I’ll start and spend most of the time on Newt Gingrich because, despite the fact that some conservatives find him too liberal, he is very persuasive to conservatives on political/religious issues. Or perhaps he is the follower (as many candidates are) and his positions on Islam, atheists and gays is typical of what many conservatives believe. For example, he is one of the most outspoken on the make believe threat of Shariah law coming to America. He has gone so far as to want to "ban" Shariah law in America. Now that is interesting, because it would be a fair question to ask if he has ever read the constitution or knows any constitutional law, a subject upon which he claims to be quite familiar. Which of the most featured aspects of Shariah does he think are even possibly constitutional in America? Stoning adulterers? The death penalty for converts from Islam? Cutting the hands off of thieves? Marital rape (of which in the not too distant past some American conservatives did not disapprove). If he thinks these are possible, he must state why they are constitutional. No one among the media asks this question, of course. That’s not the way the media works. But, obviously, he would not be able to provide an answer. As he knows, the threat of Shariah law here is much akin to the yellow peril of yesteryear. Out of the millions of cases each year in America, there are only two cases those engaged in Shariah fear mongering always mention. One was a NJ case where some idiot judge let slide a Muslim who beat his girlfriend because he was just following his culture’s dictates. They very often don’t mention that it was - of course - overturned on appeal. The other case only involved a judge enforcing an agreement between practicing Muslims that they would let the Mosque elders determine their controversy. Enforcing agreements by parties to a religious process has been part of the law in America, certainly since I’ve been practicing law (25 years). It is neither new nor a sop to Shariah. From the very few cases of it I’ve seen in the past, it was Judaic law that was being used. Should we fear Levitical law in America, which also includes stoning for things like an unmarried woman engaging in intercourse? You wouldn’t like that any better than Shariah, as they share many features. And, of course, neither could a court legitimately enforce arbitration with either religion's rules that included such obviously unconstitutional punishment.
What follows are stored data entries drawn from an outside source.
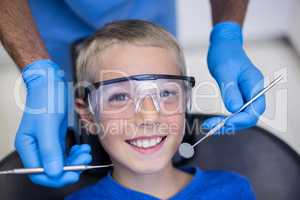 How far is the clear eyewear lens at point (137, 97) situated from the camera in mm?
1051

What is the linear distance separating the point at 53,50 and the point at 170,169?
651 mm

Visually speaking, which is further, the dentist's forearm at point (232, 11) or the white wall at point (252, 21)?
the white wall at point (252, 21)

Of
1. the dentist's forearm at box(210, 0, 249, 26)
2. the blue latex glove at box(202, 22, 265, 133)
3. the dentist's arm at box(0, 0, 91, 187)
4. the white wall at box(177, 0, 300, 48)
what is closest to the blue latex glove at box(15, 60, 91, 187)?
the dentist's arm at box(0, 0, 91, 187)

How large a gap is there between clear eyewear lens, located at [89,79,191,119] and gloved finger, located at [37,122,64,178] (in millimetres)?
140

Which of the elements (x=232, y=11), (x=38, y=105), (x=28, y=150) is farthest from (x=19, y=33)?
(x=232, y=11)

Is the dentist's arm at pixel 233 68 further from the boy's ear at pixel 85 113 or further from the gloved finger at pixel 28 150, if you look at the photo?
the gloved finger at pixel 28 150

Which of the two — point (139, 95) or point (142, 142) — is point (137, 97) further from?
point (142, 142)

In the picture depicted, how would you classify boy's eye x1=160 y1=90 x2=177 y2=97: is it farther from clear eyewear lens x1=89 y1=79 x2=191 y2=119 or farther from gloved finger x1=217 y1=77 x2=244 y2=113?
gloved finger x1=217 y1=77 x2=244 y2=113

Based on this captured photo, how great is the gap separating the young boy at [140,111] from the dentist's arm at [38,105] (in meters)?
0.10

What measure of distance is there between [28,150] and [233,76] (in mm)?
632

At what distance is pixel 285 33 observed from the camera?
8.08 ft

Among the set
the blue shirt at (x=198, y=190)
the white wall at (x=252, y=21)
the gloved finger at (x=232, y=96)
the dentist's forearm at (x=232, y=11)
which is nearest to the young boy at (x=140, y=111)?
the blue shirt at (x=198, y=190)

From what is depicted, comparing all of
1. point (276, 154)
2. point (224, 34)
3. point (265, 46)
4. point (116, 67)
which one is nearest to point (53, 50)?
point (116, 67)

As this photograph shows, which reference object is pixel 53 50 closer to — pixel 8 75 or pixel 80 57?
pixel 80 57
During the heyday of the Ground Zero Mosque argument he was deliberately provocative, comparing supporters of the mosque to Nazis. I approved of the mosque (really a cultural center that includes a mosque), and I would love to debate him or those who agree with him on what is more Nazi-like, supporting the first amendment right to free exercise of religion, or the demonizing of a religious group for political advantage? Hmmm? Any takers?

He also lumps together radical Muslims with the apparently dreaded atheist as a threat to America’s religions, despite the fact that last year an extensive Pew survey with a huge sampling found that atheists (lets pretend they are a threat first) made up 1.7 percent of the population, only slightly more than the 1.6 percent which are Muslims. Yet, Gingrich, who sounds delusional to me here, has stated: “I have two grandchildren -- Maggie is 11, Robert is 9. I am convinced that if we do not decisively win the struggle over the nature of America, by the time they're my age they will be in a secular atheist country, potentially one dominated by radical Islamists and with no understanding of what it once meant to be an American." He should read the Pew survey. He’ll feel a lot better. He should also read the constitution.

But, why equate radical Islamicists with atheists at all? Fundamentalist Muslims have no tolerance for atheists. If anything, the Muslim devotion to the concept of one creative being, omnipresent and omniscient cannot be rationally denied (relgiously, certainly).

And why fear atheists? Is his faith so shallow that someone can threaten it by saying they don’t believe in God? Does he seriously believe that if an atheist does not believe in God, he is likely to murder a man for his ipod? Or that he will try to ban Christmas, which a poll by a religious research group last year found was celebrated by 55% of atheists? If he believes atheists are a threat to Christians and Jews, who I believe he means when he says Americans, then he really is delusional. Thomas Jefferson, who Gingrich has quoted himself on religious matters, wrote “But it does me no injury for my neighbour to say there are twenty gods, or no god. It neither picks my pocket nor breaks my leg....”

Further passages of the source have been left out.